The Expert Panel Report on Basic Income Support has recommended a gradual introduction of a Basic Income Grant in South Africa, according to a Bloomberg report published on Monday.
The Department of Social Development, International Labour Organisation and UN’s Joint Sustainable Development Goals Fund jointly established the panel earlier this year.
‘No alternative’ to Basic Income Grant
“There is no alternative to a system of income support for income-compromised adults from the ages of 18-59 as a permanent part of the social protection framework,” Alex van den Heever, a member of the panel, was quoted saying in the Bloomberg report.
Van den Heever is also the chairperson of Social Security Systems Administration and Management Studies at the University of Witwatersrand.

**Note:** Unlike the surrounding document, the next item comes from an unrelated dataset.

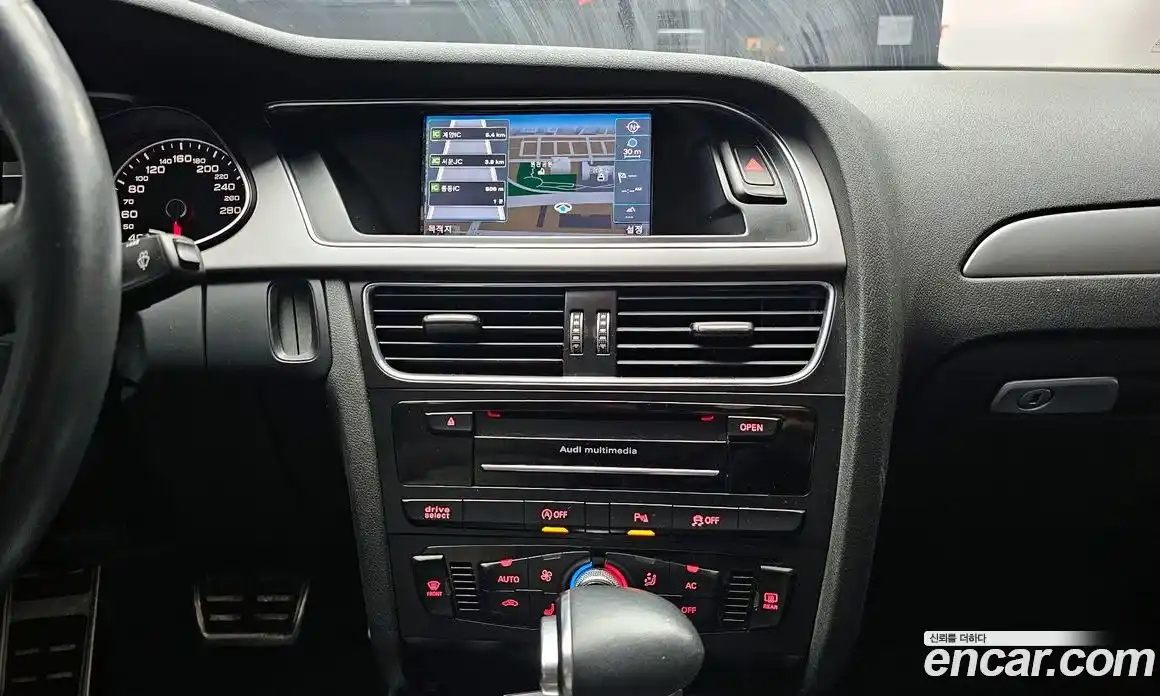 Audi A4 2014 2.0 Автомат в Москве № 212644, фото 14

According to the panel, the gradual implementation of a Basic Income Grant should start with institutionalising the R350 social relief of distress (SRD) grant introduced last year to cushion the poor against the COVID-19 pandemic’s impact.
The SRD grant lapsed in April this year, but the government reintroduced it in August following persistent lockdowns and a civil unrest in July.
Launch of expert panel’s report
The expert panel’s report was officially launched on Monday (13 December) in an event officiated by Social Development Minister Lindiwe Zulu.
“The Expert Panel Report on Basic Income Support that we are launching today forms an important element of our ongoing efforts to institutionalise basic income support,” Zulu said.
“Owing to the inter-disciplinary investments by all our partners in academia, civil society and multilateral institutions, the Expert Panel Report provides persuasive guidelines with which we must respond to the questions of the appropriateness and feasibility of extending basic income support to our citizens who are between the ages of 18 and 59.”
Civil society groups and labour unions have pushed for the grant’s introduction to replace the SRD grant, which is ending in March 2022.
However, Finance Minister Enoch Godongwana failed to make a firm commitment about funding the grant in his Medium Term Budget Policy Statement presented in Parliament in November.
“The social relief of distress grant was extended to the end of March 2022. Between now and March, the government will decide what will happen, not the Treasury,” he told media reporters after presenting the Statement.